Colossians 1:24--2:3
Psalm 62:6-7, 9

What is upsetting nowadays in Church?  Because it seems that the Lord upset some church people in their today right?  The Holy Scripture says they "became enraged".  Well, truth is, we shouldn't be getting upset, but perhaps more open to the truth.  Because what enraged them was their blindness.  They failed to see God's goodness.  This then good be the cause of rage.  All these persecutions are then blindness.  That's why our Lord prays from the cross "Lord, forgive them, for they know not what they do".  Because what if the Lord did something amazing in your life and you failed to see it?  Would it have been His fault?  Nowadays that's what people are doing, blaming others for their blindness...their pride.

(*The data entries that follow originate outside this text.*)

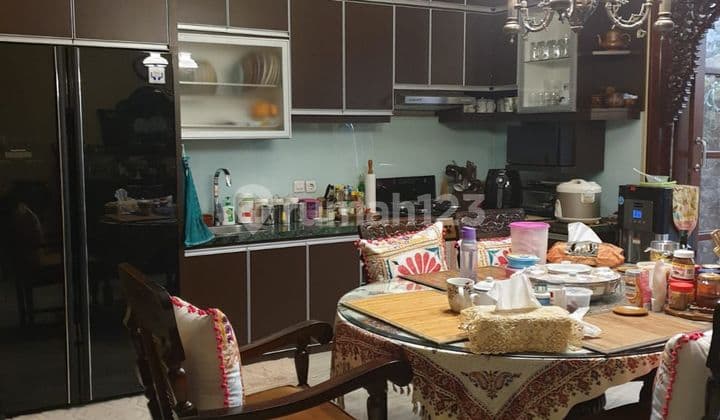 Dijual rumah bukit cinere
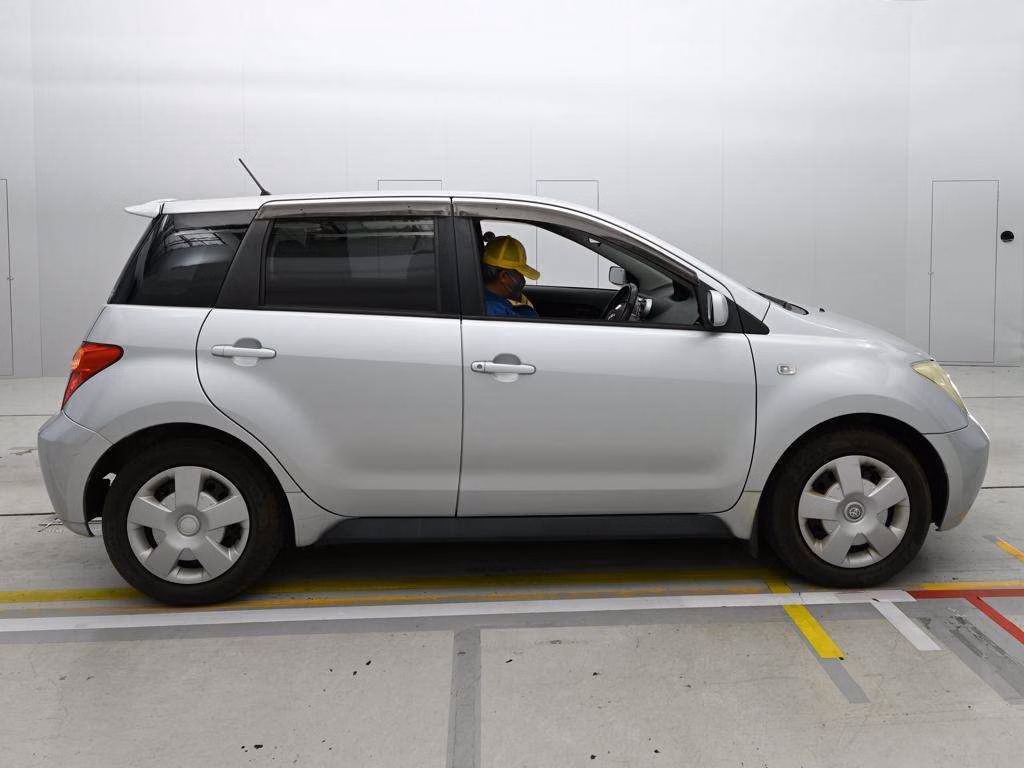 TOYOTA IST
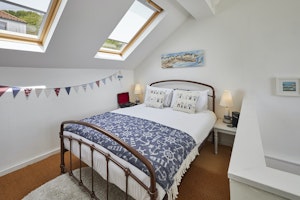 Blissful Seaside Retreat image 3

The Psalms pray "In God is my safety and my glory" and "Trust in him at all times, O my people! Pour out your hearts before him;" Do not think Jesus knew He would be in "trouble" for doing good?  How many times do we shy away from doing good because we might get in trouble?  But God knows He is our safety and glory and we ae to TRUST in Him at ALL times so POUR out your heart!  What does pouring out your heart mean?  It means opening up your heart and start loving, and then you will begin to see the amazing things God is doing.

This is the case of St. Paul in today's 1st Holy Scripture,  most probably written from his jail cell.  He writes with His heart, encouraging the love of one another and especially that of Jesus Christ.  Was Paul seeing the glory of God?  It's hard to see what you are doing sometimes, but he was giving Glory to God.  This is our turn.  What do You do besides talk about God?